You are viewing a plain text version of this content. The canonical link for it is here.

Posted to common-user@hadoop.apache.org by Jean-Pierre OCALAN <je...@247realmedia.com> on 2008/03/21 15:49:21 UTC

[core-user][reduce seems to run only on one machine]

Hi,

I'm currently working on a project that implies massive log parsing. I  
have one master and 6 slaves.
By looking the each slaves logs I've noticed that REDUCE operation  
just runs on one machine.
So does that mean that reduce just runs on one machine ? And if that  
is true how can I specify that I want the reduce to run also on the  
other machines ?

Thanks for any help,

Jean-Pierre.

Re: [core-user][reduce seems to run only on one machine]

Posted by Jean-Pierre OCALAN <je...@247realmedia.com>.
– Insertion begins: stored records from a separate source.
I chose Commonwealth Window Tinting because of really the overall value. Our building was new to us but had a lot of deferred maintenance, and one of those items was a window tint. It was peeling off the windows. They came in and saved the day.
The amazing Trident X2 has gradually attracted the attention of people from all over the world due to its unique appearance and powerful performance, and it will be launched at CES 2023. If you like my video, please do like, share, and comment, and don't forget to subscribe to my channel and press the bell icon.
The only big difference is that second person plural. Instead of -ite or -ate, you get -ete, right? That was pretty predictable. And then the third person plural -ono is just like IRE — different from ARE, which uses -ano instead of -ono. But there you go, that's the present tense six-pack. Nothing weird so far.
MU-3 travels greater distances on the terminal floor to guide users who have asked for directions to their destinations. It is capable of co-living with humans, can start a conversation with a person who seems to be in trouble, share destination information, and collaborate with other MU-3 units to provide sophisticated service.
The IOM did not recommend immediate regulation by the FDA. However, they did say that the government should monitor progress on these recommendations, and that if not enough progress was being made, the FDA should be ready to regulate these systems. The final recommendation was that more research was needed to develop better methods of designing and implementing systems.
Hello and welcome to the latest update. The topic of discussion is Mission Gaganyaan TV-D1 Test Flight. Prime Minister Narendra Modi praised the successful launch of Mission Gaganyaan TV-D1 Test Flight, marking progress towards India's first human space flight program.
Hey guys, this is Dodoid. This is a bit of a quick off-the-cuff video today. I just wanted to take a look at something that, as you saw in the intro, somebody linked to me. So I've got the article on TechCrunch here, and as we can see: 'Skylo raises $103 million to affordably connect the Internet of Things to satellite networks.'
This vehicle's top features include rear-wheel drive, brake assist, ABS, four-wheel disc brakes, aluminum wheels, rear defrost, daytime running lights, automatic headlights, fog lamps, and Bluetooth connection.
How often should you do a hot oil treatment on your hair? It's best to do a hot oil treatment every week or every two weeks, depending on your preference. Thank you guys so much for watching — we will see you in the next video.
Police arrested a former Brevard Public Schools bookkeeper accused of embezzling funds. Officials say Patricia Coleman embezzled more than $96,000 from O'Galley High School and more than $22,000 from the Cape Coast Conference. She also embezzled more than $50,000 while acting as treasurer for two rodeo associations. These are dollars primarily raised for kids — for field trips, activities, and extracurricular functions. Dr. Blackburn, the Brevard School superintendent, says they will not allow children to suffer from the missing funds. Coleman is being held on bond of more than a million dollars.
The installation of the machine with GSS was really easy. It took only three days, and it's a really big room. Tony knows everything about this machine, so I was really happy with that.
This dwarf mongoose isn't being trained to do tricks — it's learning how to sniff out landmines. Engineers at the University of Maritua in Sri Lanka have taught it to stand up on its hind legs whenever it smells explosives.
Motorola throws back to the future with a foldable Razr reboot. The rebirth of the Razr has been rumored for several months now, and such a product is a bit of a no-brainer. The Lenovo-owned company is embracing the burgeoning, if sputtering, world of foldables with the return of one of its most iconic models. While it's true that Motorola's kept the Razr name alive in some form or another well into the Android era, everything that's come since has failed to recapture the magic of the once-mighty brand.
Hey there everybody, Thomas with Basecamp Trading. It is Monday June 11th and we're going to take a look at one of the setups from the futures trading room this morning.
Thank you guys for all that good answers, I appreciate that.

Jean-Pierre.

On Mar 21, 2008, at 12:47 PM, Ted Dunning wrote:

>
> The default number of reducers is 4.  It is unlikely that a user who  
> doesn't
> know about how to set the number of reducers has changed that value.
>
> This phenomenon of apparently having only a single reducer often  
> happens if
> you have a very skewed distribution of keys for the reduce phase.
>
> Imagine that you are counting words, but the text is almost entirely  
> made up
> of a single word.  If you don't have a combiner, then all instances  
> of that
> word will go to a single reducer.  The other reducers will finish  
> instantly
> so you may not even notice that they ran.
>
> You have several options:
>
> A) fix your program.  Most of the times that I have seen this, it  
> was due to
> a mistake on my part where I was outputting the wrong value as the  
> reduce
> key.  I shouldn't admit this, but it is true.
>
> B) fix your program.  Many times, you can use a combiner to do a lot  
> of the
> work of the reducer as the data is emitted from the mapper.  This  
> works is
> the reducer could be done in pieces by summarizing the pieces so  
> that the
> summarization is done by the combiners (very much in parallel) and the
> actual reducer only combines the summary (hopefully very quick, even  
> if not
> in parallel).
>
> C) fix your problem.  Sometimes, your problem as stated is not  
> particularly
> appropriate for parallel execution, but there is a nearly equivalent
> statement that is just fine.  For example, suppose that your input  
> contains
> a large list of keys and numbers and you want to compute the median  
> of these
> numbers for each key.  There is no sufficient statistic for  
> computing the
> (exact) median so you can't really use a combiner and if one key  
> dominates,
> your program will run slowly.
>
> On the other hand, if you restate the problem to compute the  
> *approximate*
> median, then you could use a combiner.  For instance, suppose the  
> combiner
> finds the median of the values it is given and emits the median and  
> the
> count of samples it processed.  Then the reducer can compute the  
> median of
> the partial medians, respecting the counts in the process.  This  
> results is
> *not* the median and your program will be *wrong*.  But not by  
> much.  If you
> can accept the error (and it will probably be quite small), then you  
> win.
> If you can't accept this error, then option (D) is for you.
>
> D) give up.  Your problem may not be appropriate for map-reduce  
> execution or
> you may be unable to afford the effort required to restate your  
> problem in a
> way that will work.  This may not be a bad option ... your program  
> may not
> even need parallelism.  Be sure to not overstate the situation.   
> Don't say
> "my problem is impossible to parallelize" since some clever Jack is  
> likely
> to come along 10 minutes later and make you look the fool.  Instead  
> say "My
> problem appeared to be difficult to parallelize so I punted".
>
>
>
> On 3/21/08 8:05 AM, "Amar Kamat" <am...@yahoo-inc.com> wrote:
>
>> On Fri, 21 Mar 2008, Jean-Pierre OCALAN wrote:
>>
>>> Hi,
>>>
>>> I'm currently working on a project that implies massive log  
>>> parsing. I have
>>> one master and 6 slaves.
>>> By looking the each slaves logs I've noticed that REDUCE operation  
>>> just runs
>>> on one machine.
>>> So does that mean that reduce just runs on one machine ? And if  
>>> that is true
>>> how can I specify that I want the reduce to run also on the other  
>>> machines ?
>> You can set it in your job using  
>> JobConf.setNumReduceTasks(numReducers).
>> How are you submitting your job? Is it from examples or your own  
>> code?
>> Amar
>>>
>>> Thanks for any help,
>>>
>>> Jean-Pierre.
>>>
>>>
>>>
>
>
>

Re: [core-user][reduce seems to run only on one machine]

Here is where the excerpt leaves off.